**Requirement:** All lines below starting at the one that holds "Alimentazione VHBW 1100 mAh" and ending at the one that holds "2016-17 Panini Day - DeMar DeRozan #32" should be printed exactly, ends included. Pictures should not be printed, nor anything else.

**Material supplied:**
━━━━━━━━━━━━━━━━━━━━━━━━━━━━━━

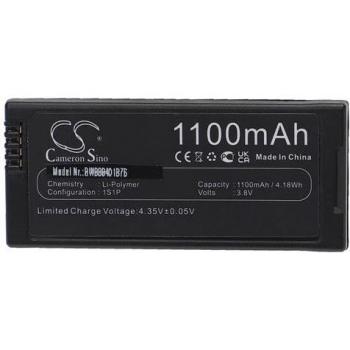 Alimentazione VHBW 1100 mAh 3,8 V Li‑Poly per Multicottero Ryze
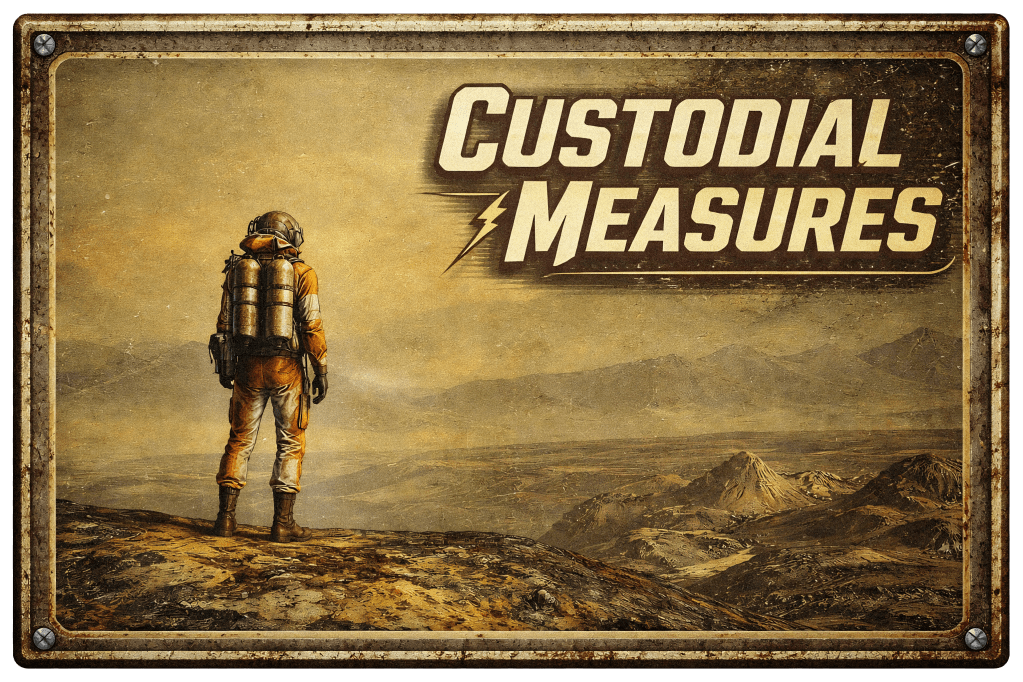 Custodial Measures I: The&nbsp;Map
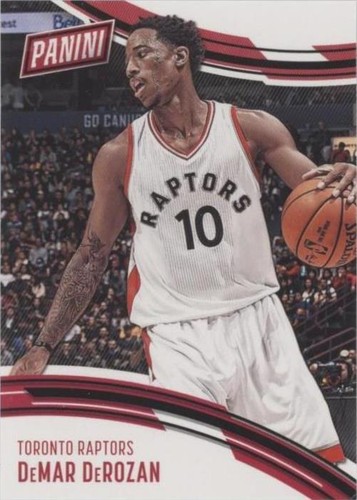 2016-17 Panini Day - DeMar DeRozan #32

━━━━━━━━━━━━━━━━━━━━━━━━━━━━━━

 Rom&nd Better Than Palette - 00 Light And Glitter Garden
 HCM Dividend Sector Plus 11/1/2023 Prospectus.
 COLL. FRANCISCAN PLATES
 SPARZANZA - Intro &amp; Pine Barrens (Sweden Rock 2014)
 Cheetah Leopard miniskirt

━━━━━━━━━━━━━━━━━━━━━━━━━━━━━━

**Answer box:**
 Alimentazione VHBW 1100 mAh 3,8 V Li‑Poly per Multicottero Ryze
 Custodial Measures I: The&nbsp;Map
 2016-17 Panini Day - DeMar DeRozan #32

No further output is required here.